Because neither aluminum nor magnesium forms many compounds by contributing one electron to a bond, whether ionic or covalent. So first ionization energy really does not have much to tell.

Neither do second or third ionization energies. The reactivities of aluminum and magnesium are hard to compare on the basis of any ionization energies because the elements have different common valences and aluminum does not form very many predominantly ionic compounds. No matter what you try to do with ionization energies, you're unavoidably comparing apples and olives.

Answer 2

Another reason is the fact that metallic aluminum is always covered by a thin film of alumina (aluminum oxide $\ce{Al2O3}$). This film is transparent, continuous and waterproof. It is formed spontaneously in the contact of air, and prevents the contact with reagents. If this film is removed by scratching, it will be immediately redone by atmospheric air. This is why, apparently the metallic aluminum objects do not react with many usual ionic solutions.
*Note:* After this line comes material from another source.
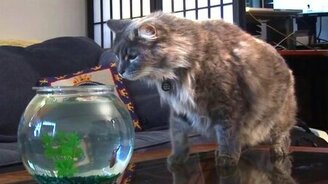 В аквариуме рыбка, а над головой акула - смотреть видео (0:23)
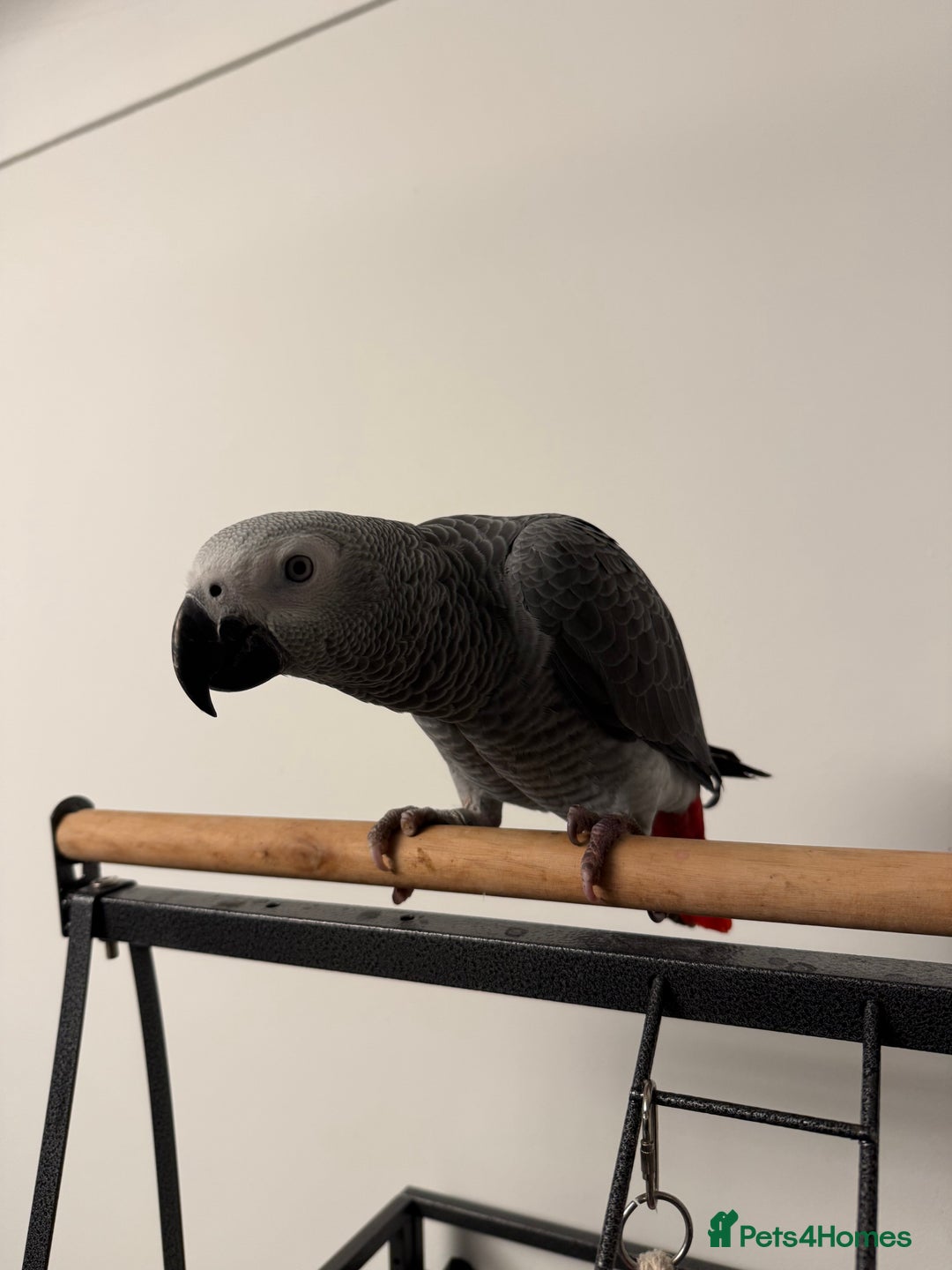 Parrots birds for sale: Baby African grey 6 months only - Advert 3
For example, the reaction with dilute $\ce{HCl}$ solutions is relatively slow to start, because alumina film is rather resistant to acidic corrosion.

The production of this film can be prevented by mercury chloride $\ce{HgCl2}$. If a piece of aluminum is dipped into a solution of $\ce{HgCl2}$, some mercury chloride is able to cross this film and react with aluminum to produce mercury $\ce{Hg}$ (which soon makes an aluminum amalgam $\ce{Al(Hg)}$) according to the reaction : $$\ce{2 Al + 3 HgCl2 -> 2 AlCl3 + 3 Hg}$$ Of course, the aluminum amalgam $\ce{Al(Hg)}$ is soon oxidized in air, but the alumina film does not adhere on the outer surface of the amalgamated aluminum. As a consequence, the oxidation proceeds in a couple of minutes and produces long white filaments of alumina which are "growing" on the surface of the aluminum sample. This phenomena lasts as long as there is still some mercury on the outer surface of the aluminum sample.